-- Provided data follows --

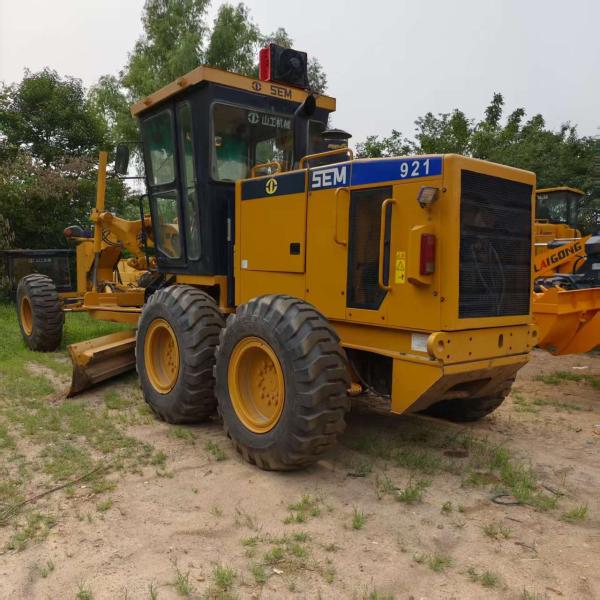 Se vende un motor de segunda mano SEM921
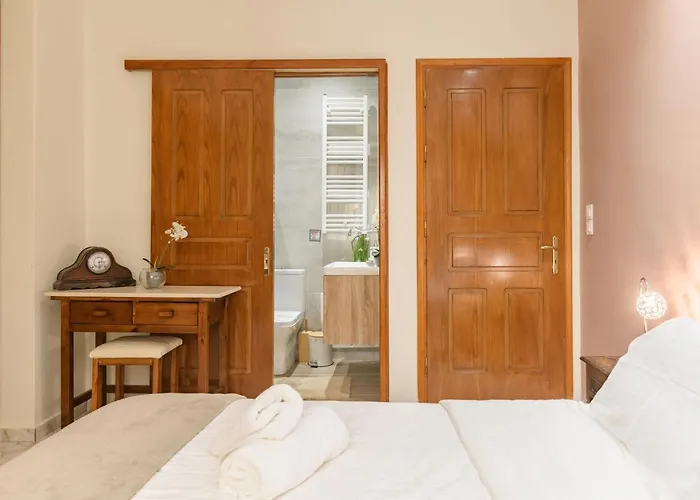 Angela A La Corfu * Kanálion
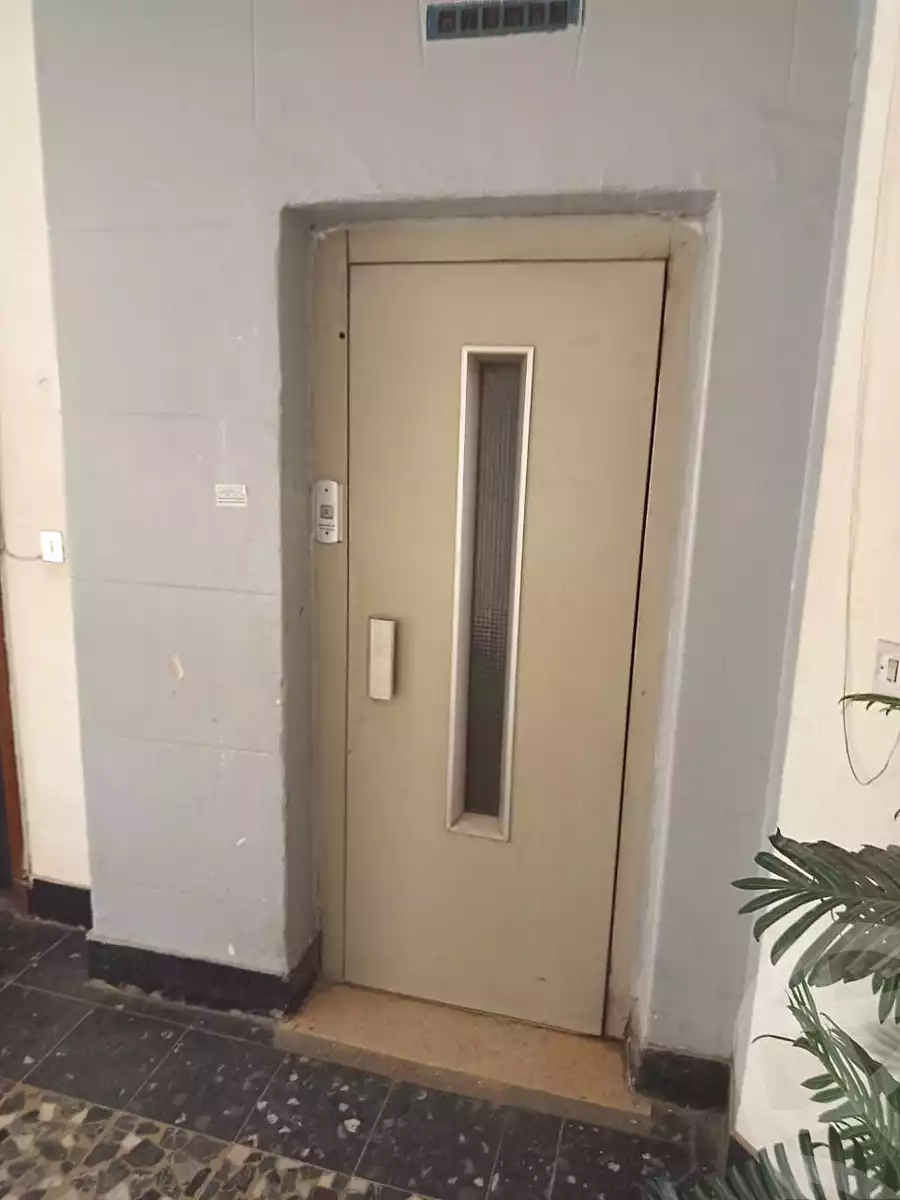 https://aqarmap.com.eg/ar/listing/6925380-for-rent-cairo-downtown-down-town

-- Provided data concluded --

■ **Exercise prompt**
Here the job is to quote the lines from the one with "Angela A La Corfu * Kanálion" through the end of the material, both included, exactly; please skip the pictures.

■ **Response to this exercise**
 Angela A La Corfu * Kanálion
 https://aqarmap.com.eg/ar/listing/6925380-for-rent-cairo-downtown-down-town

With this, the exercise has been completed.